Caetano Veloso escreveu que “cada um sabe a dor e a delícia de ser o que é” exatamente porque ninguém mais que nós mesmos podemos dimensionar a intensidade dos que nos faz feliz ou nos magoa, do que nos desperta o amor ou o ódio, aqui sem qualquer proposta de julgamento maniqueísta entre bem e mal, já que acredito, fielmente, que não existe ninguém no mundo, da aurora ao ocaso de sua existência, que não tenha,  pelo menos em seu íntimo, desejado o melhor ou o pior a um ser amado ou a um desafeto.

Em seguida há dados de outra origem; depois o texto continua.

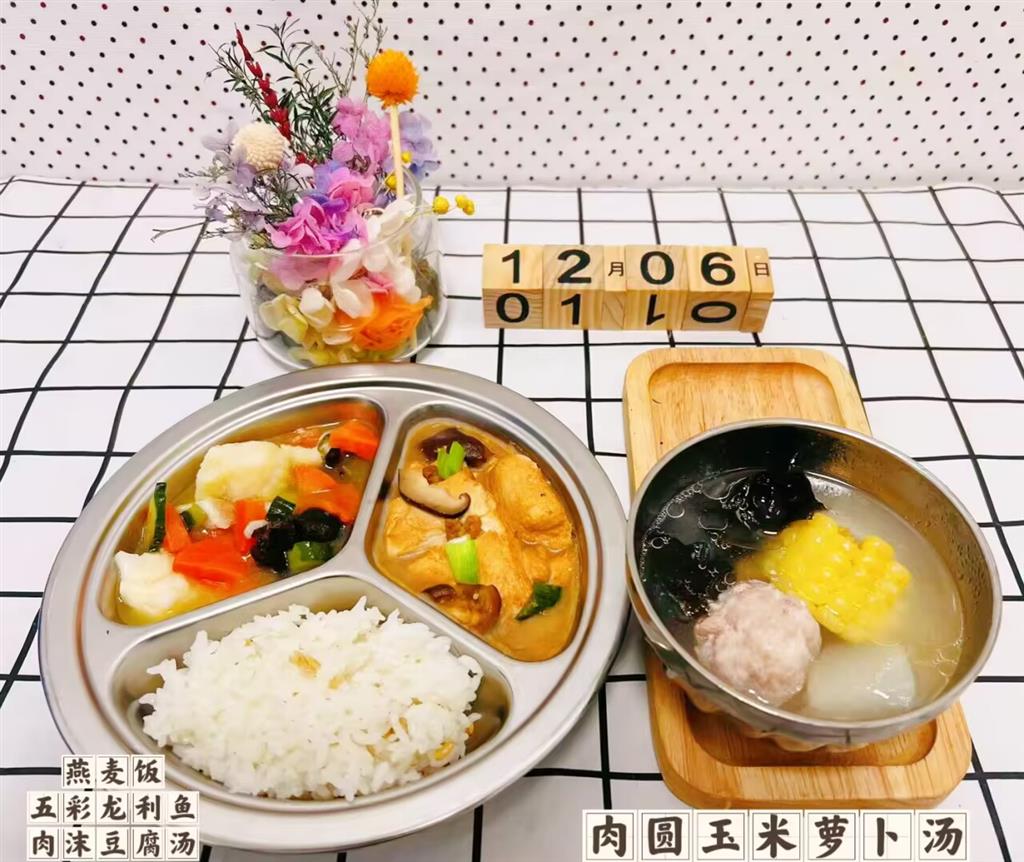 cc646d56eaf7b6d3cda61e97bc4c20b7_720.png cc646d56eaf7b6d3cda61e97bc4c20b7_720.png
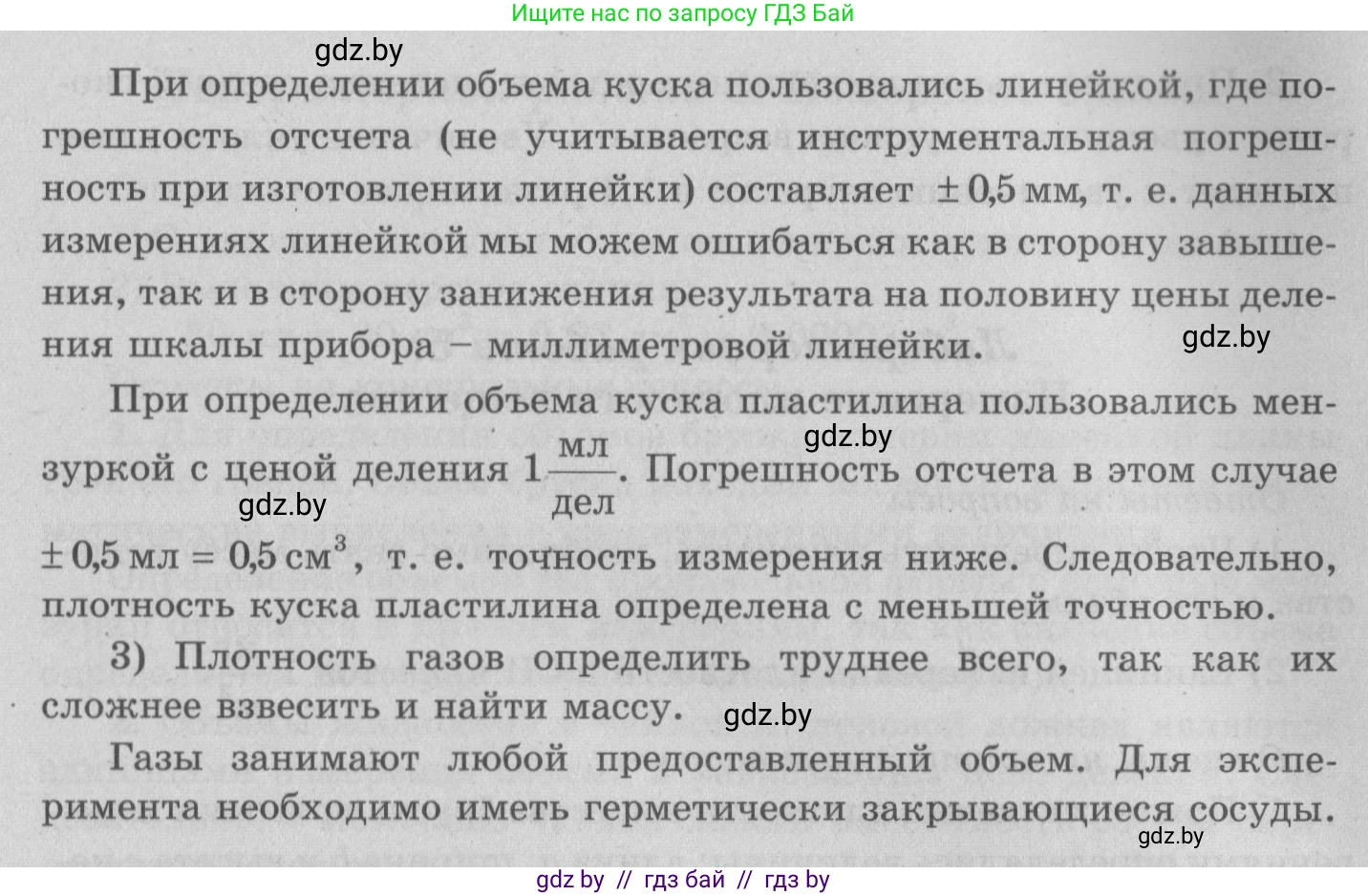 Физика, 7 класс Учебник, авторы: Исаченкова Лариса Артёмовна, Громыко Елена Владимировна, Лещинский Юрий Дмитриевич, издательство Народная асвета, Минск, 2022, бирюзового цвета, страница 163, Решение 2 (продолжение 2)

Digo isso porque cada dia mais me surpreendo com a intensidade dos rótulos e a virulência dos discursos contrários aos que gritam sua dor, aos que exprimem seu descontentamento, aos que exibem sua indignação. Àquelas mulheres que vociferam contra a exploração, violência ou preconceito do qual se sentem elas mesmas ou suas iguais vítimas, pespegam o rótulo de “feminazis”.

Negros, mesmo que de alma, que gritam por um espaço mais digno que seus pais, avós ou trisavós na sociedade, rotulam de crioulos afetados. A desconstrução da opressão não faz sumir o opressor, menos ainda suas ações. Já o exagero na ênfase da dor, se não resolve historicamente sua causa, pelo menos aumenta seu espectro, alerta e ajuda a minorar a repetição mecânica dos atos individuais ou coletivos, volitivos ou não, que a provocam, desencorajando seus protagonistas e envergonhando seus fiadores.

Vejam-se exemplos como a escravidão, a violência de gênero, a religiosa, a sexual: sempre existiram e infelizmente continuarão a existir porque são resultado da ignorância do ser humano, da pouca luz emanada de determinadas sociedade. No entanto, a execração e a exposição públicas de seus atores contribuem para diminuir seus casos. O que deve merecer nossa repulsa é o crime e sua motivação, não o grito de dor de suas vítimas.